Ketua Komisi Pemilu Thailand Supachai Phucharoen mengumumkan, pemungutan suara telah dilaksanakan di 83.813 dari 93.532 tempat pemungutan suara. Dengan kata lain, ada pemungutan suara yang batal di 9.719 TPS. Di ibu kota Thailand, Bangkok, sebanyak 488 dari 6.600 TPS ditutup karena ketiadaan staf untuk melakukan pemungutan suara.
Total jumlah pemilih Thailand yang terdaftar lebih dari 48 juta orang dan di Bangkok saja diperkirakan 6 juta pemilih tidak, atau tidak dapat, memberikan suaranya. Hingga Minggu sore, belum ada hasil sementara yang diungkapkan oleh Komisi Pemilu Thailand.
Pemerintahan Perdana Menteri Yingluck Shinawatra berharap pemilu 2 Februari kemarin dapat menyelesaikan kemelut yang melanda Thailand akhir-akhir ini. Itu sebabnya, pemerintah berusaha sekuat tenaga agar pemilu dapat dilaksanakan. Kepolisian Thailand menyebutkan, lebih dari 100.000 personel polisi diturunkan untuk mengamankan pelaksanaan pemilu. Bukan itu saja, bahkan militer pun menurunkan 5.000 tentara di Bangkok untuk meningkatkan keamanan.

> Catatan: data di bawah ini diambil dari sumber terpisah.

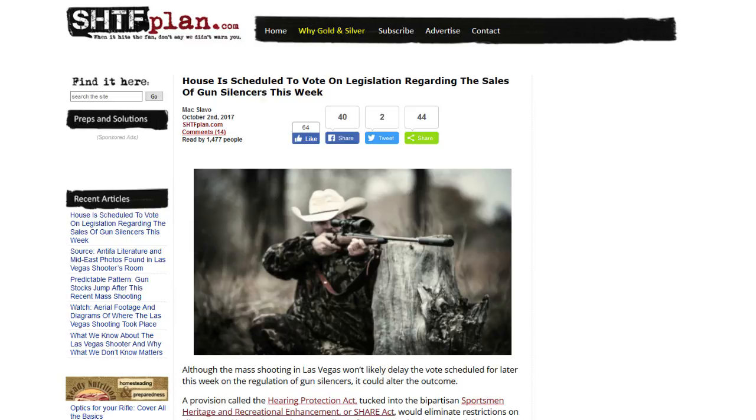bills. House is scheduled to vote on legislation regarding the sales of gun silencers this week. That's right, slowly but surely they tighten the noose and pretty soon we'll be hanging. Although the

Upaya kelompok anti-pemerintah untuk membatalkan pelaksanaan pemilu, dengan mengadakan aksi turun ke jalan dalam tiga bulan terakhir, dan pada saat terakhir menghambat pengiriman kotak suara, tampaknya tidak memberikan hasil seperti yang diinginkan. Pemungutan suara tetap berlangsung di sebagian besar TPS.
Aksi boikot dan kekerasan yang dilakukan kelompok anti-pemerintah memang membuat banyak anggota staf pemungutan suara tidak datang ke TPS, tetapi itu tidak mengurangi keinginan warga memberikan suara. Beberapa pemilih marah karena TPS di wilayah mereka tutup.
"Kami memiliki hak untuk memilih. Kalian tidak mempunyai hak untuk mengambil itu dari kami," ujar seorang perempuan pemilih berusia 51 tahun. Sebaliknya, salah seorang pemrotes mengatakan, "Saya mengerti mereka marah karena hak pilihnya kami ambil. Tapi, bagaimana dengan hak kami untuk didengar?"
Yingluck, di bawah penjagaan ketat, memberikan suaranya. Di kemeriahan sambutan pendukungnya, Yingluck mengatakan, "Saya mengundang rakyat Thailand memberikan suara untuk mempertahankan demokrasi." Sementara itu, pemimpin oposisi Abhisit Vejjajiva, Ketua Partai Demokrat, memilih memboikot.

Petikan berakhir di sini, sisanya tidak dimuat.